- _Problem statement_
Nothing but a number should be given: how many lines of the records include "with"?

- _Data shown_
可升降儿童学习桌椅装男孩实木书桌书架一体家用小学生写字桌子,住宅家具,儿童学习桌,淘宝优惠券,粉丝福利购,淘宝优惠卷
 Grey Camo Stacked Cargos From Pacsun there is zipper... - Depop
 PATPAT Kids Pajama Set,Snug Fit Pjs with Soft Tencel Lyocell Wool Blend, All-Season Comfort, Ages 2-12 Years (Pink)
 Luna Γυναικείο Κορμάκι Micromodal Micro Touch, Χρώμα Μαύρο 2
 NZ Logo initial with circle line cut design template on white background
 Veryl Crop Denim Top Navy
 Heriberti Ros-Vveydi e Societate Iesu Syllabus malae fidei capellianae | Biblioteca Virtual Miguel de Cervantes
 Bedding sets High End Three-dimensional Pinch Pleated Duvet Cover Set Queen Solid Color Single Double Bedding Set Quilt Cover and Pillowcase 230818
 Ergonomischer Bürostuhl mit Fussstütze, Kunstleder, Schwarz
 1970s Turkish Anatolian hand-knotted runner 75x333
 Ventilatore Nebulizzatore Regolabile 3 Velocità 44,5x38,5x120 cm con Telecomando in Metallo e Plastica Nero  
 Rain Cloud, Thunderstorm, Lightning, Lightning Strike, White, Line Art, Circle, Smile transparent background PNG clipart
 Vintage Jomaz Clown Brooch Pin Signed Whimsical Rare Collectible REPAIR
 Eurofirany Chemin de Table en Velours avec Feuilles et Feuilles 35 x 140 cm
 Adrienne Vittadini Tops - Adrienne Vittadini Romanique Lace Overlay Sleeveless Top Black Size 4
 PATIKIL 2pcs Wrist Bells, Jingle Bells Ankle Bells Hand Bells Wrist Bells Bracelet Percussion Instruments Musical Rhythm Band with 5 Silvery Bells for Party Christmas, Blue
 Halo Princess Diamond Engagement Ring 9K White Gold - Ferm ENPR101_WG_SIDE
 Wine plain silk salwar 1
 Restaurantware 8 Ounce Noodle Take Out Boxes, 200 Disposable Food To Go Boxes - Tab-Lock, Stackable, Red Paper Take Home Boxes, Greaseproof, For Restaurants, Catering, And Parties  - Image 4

- _Answer to the exercise_
3